En el glorioso imperio de la burocracia capitalina, hasta un humilde pancho necesita pasar por el confesionario municipal antes de ver la luz del día. Y no hablamos de cualquier pancho: hablamos del pancho oficialmente habilitado, con permiso, inspección, medidor, certificado de pureza bromatológica y, por supuesto, la venia divina de Comercio, Hacienda, Provincia, Nación, la ONU.
Resulta que los carritos pancheros —esos que durante años perfumaron la noche sanjuanina con sus gloriosas nubes de aderezo y grasita feliz— todavía no pueden volver. ¿El motivo? Una épica combinación de papeles que no llegan, inspecciones que no van, y funcionarios que se pasan la papa caliente con la gracia de un malabarista con artritis.
Según Leandro Fernández, secretario de Gobierno de Capital, «ya está el lugar, ya está la demarcación, pero falta que Comercio revise cada carrito». O sea: sabemos dónde van, pero todavía no sabemos si pueden ser.
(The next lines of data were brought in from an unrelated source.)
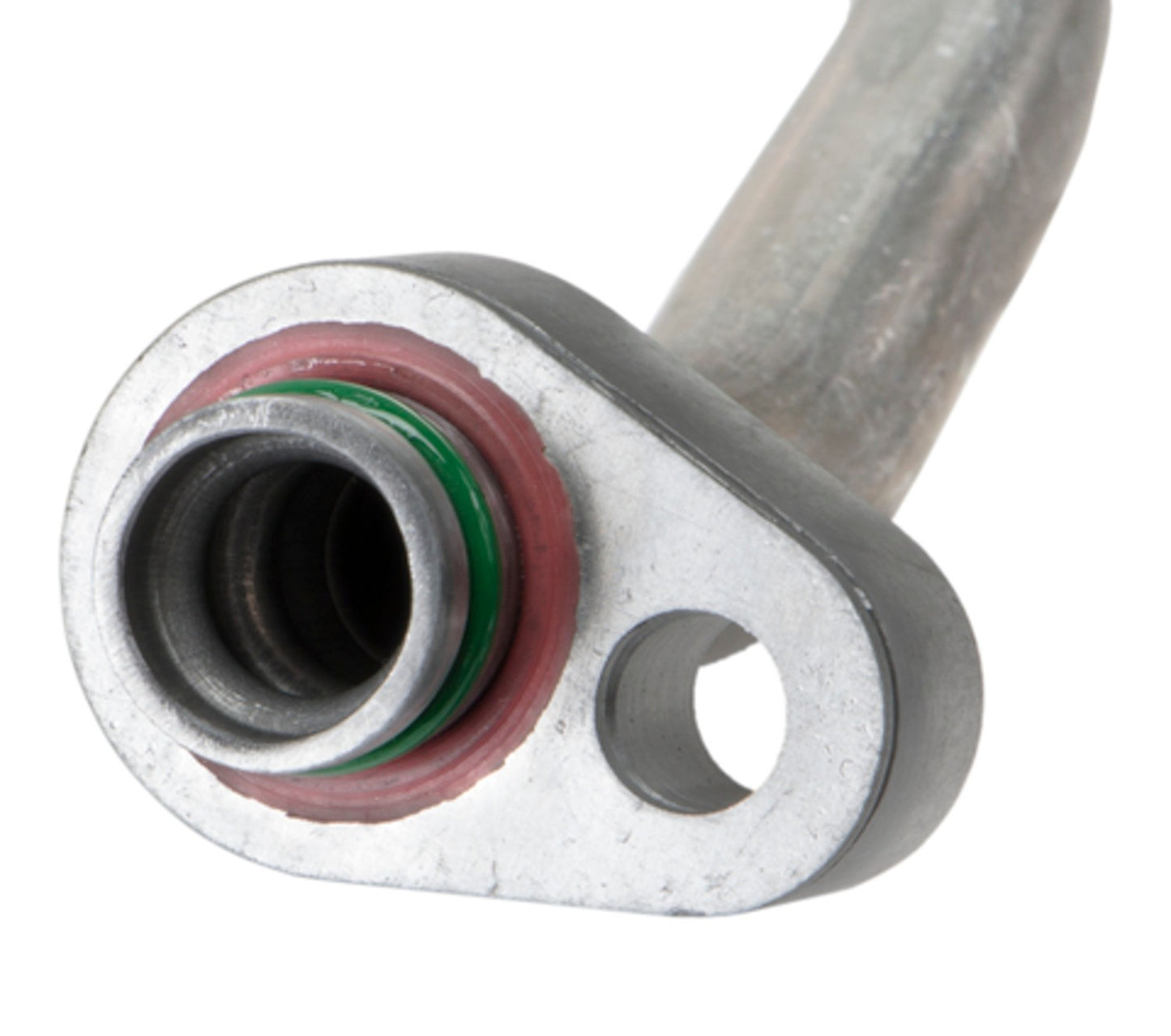 Four Seasons A/C Refrigerant Suction Hose 55818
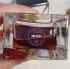 Yves Saint Laurent Libre Le Parfum pic-394305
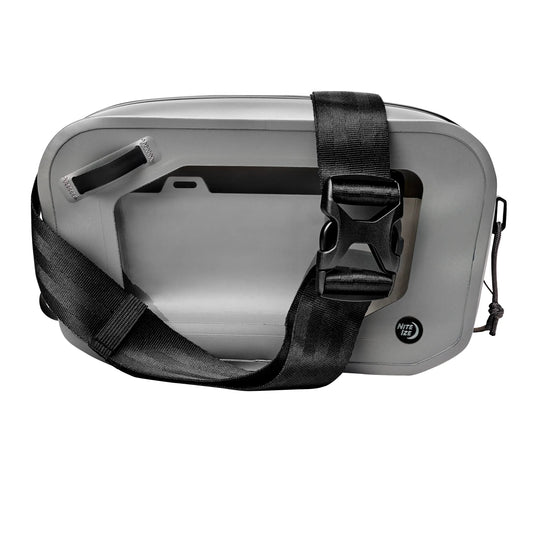 RUNOFF® WATERPROOF WAIST PACK
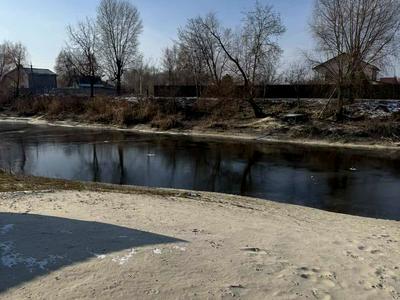 будинок за адресою Перемоги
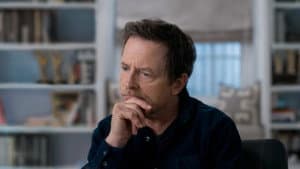 STILL: Una película sobre Michael J. Fox — foto 2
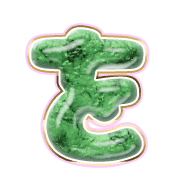 045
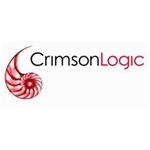 CrimsonLogic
Como si fueran cohetes de la NASA en vez de carritos que venden salchichas.
Encima hay que poner medidores, porque nada dice «economía popular» como un pancho conectado a la red eléctrica con ficha técnica y tablero aprobado por Naturgy. ¡Imaginate lo que pedirán cuando quieran vender hamburguesas! ¿Una turbina eólica por carrito?
Hay que asegurarse de que el pan no venga con sarro, la salchicha no tenga carnet trucho y el kétchup no sea de contrabando.
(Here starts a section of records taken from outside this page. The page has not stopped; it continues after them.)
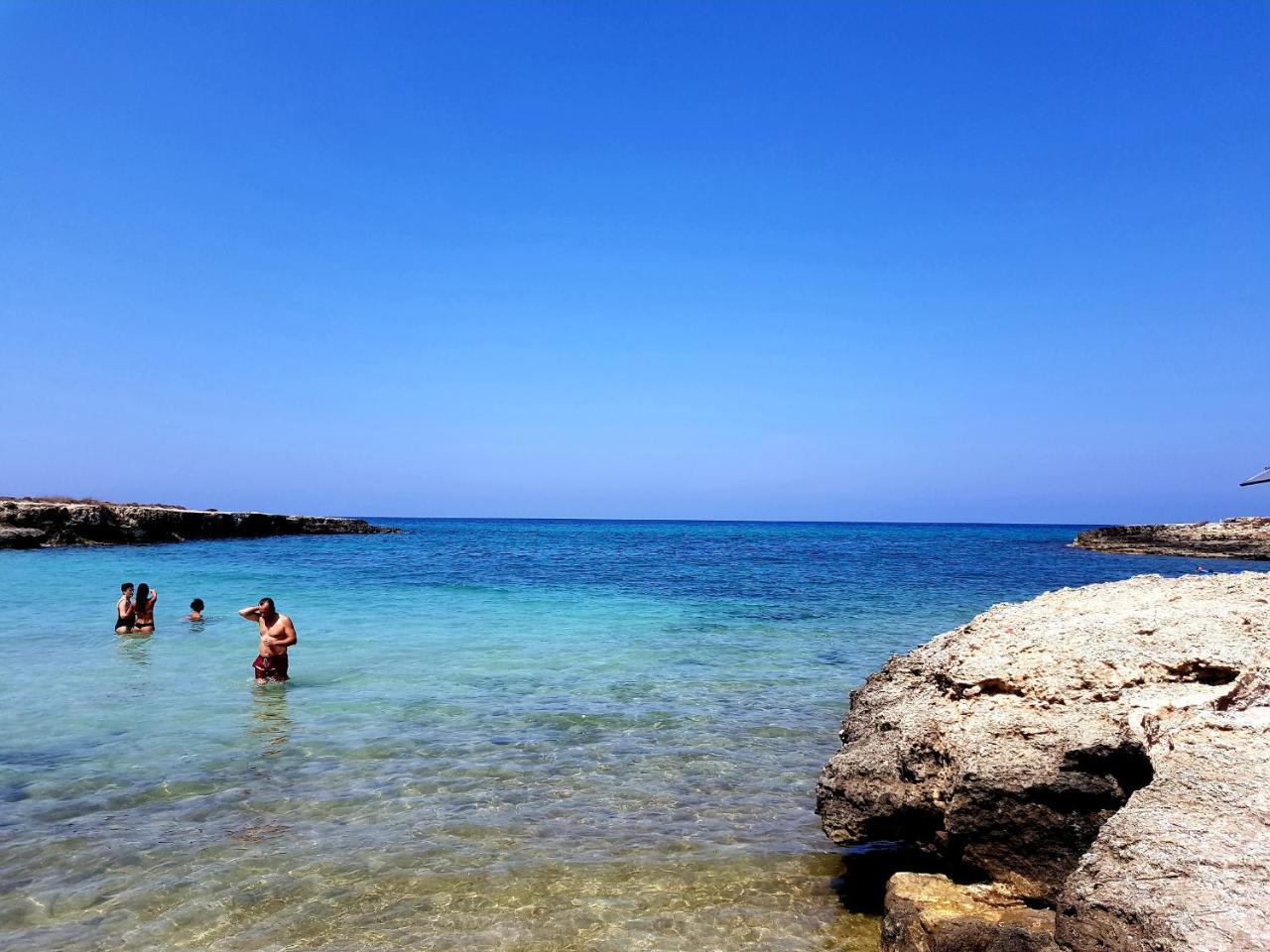 Trulli Aurasia Ostuni Εξωτερικό φωτογραφία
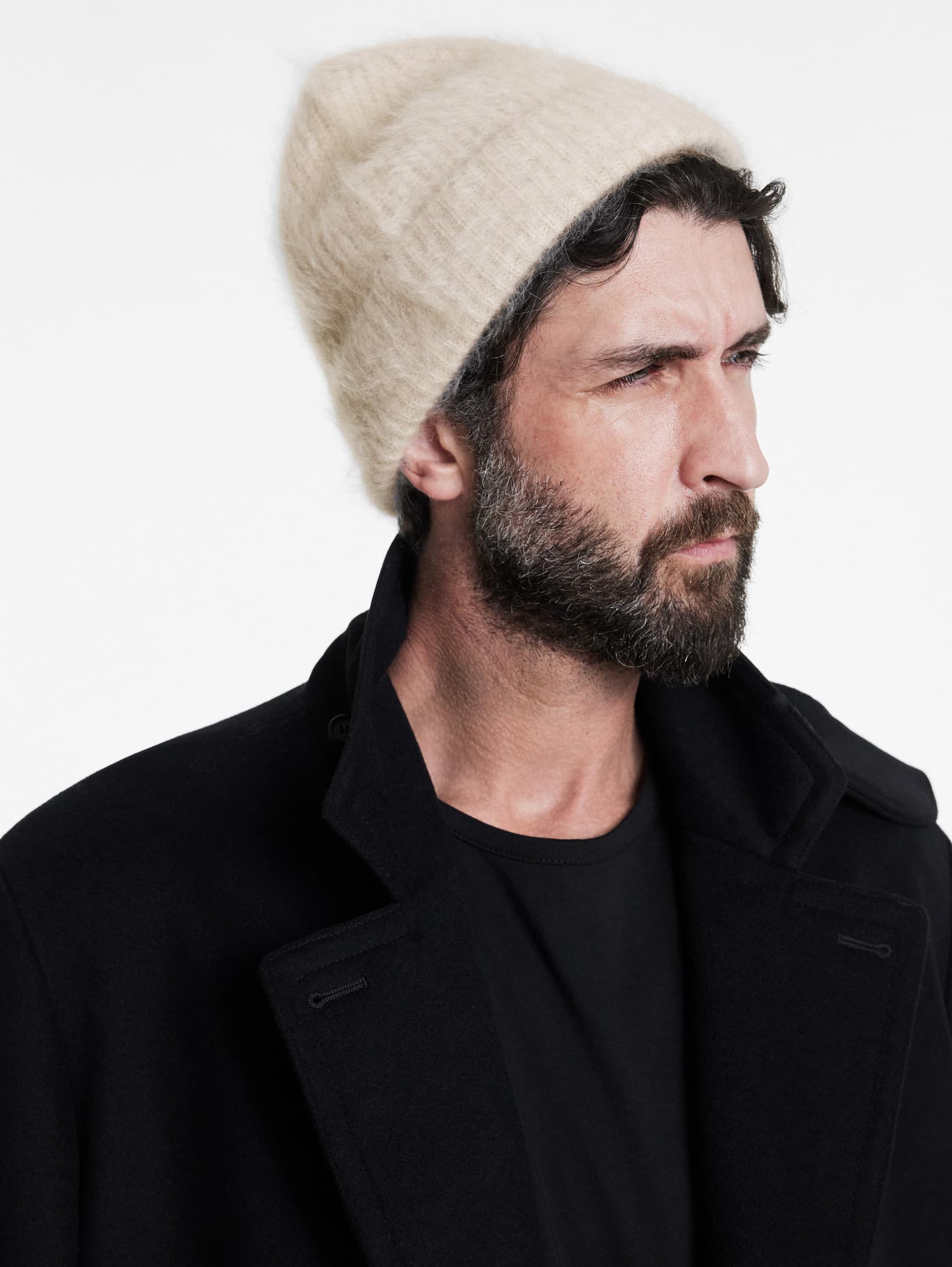 LENOIR HAT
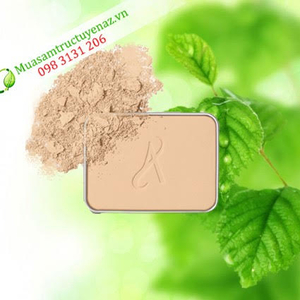 Phấn nền trang điểm dạng nén ARTISTRY màu BUFF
Mientras tanto, los puesteros, hartos de esperar a que las estrellas se alineen y los burócratas se despierten, ya avisaron que algunos podrían arrancar igual. Casi una declaración de guerra: el pancho rebelde, el choripán insurgente. ¿Veremos a inspectores municipales persiguiendo carritos por calle Alberdi como si fueran autos sin patente? Ojalá, sería el primer entretenimiento serio que ofrece el centro en años.
Mientras tanto, seguiremos esperando. Porque en esta tierra mágica, primero se hace el anuncio, después se arma el problema, y recién al final, tal vez, se sirve el pancho. Con suerte, caliente.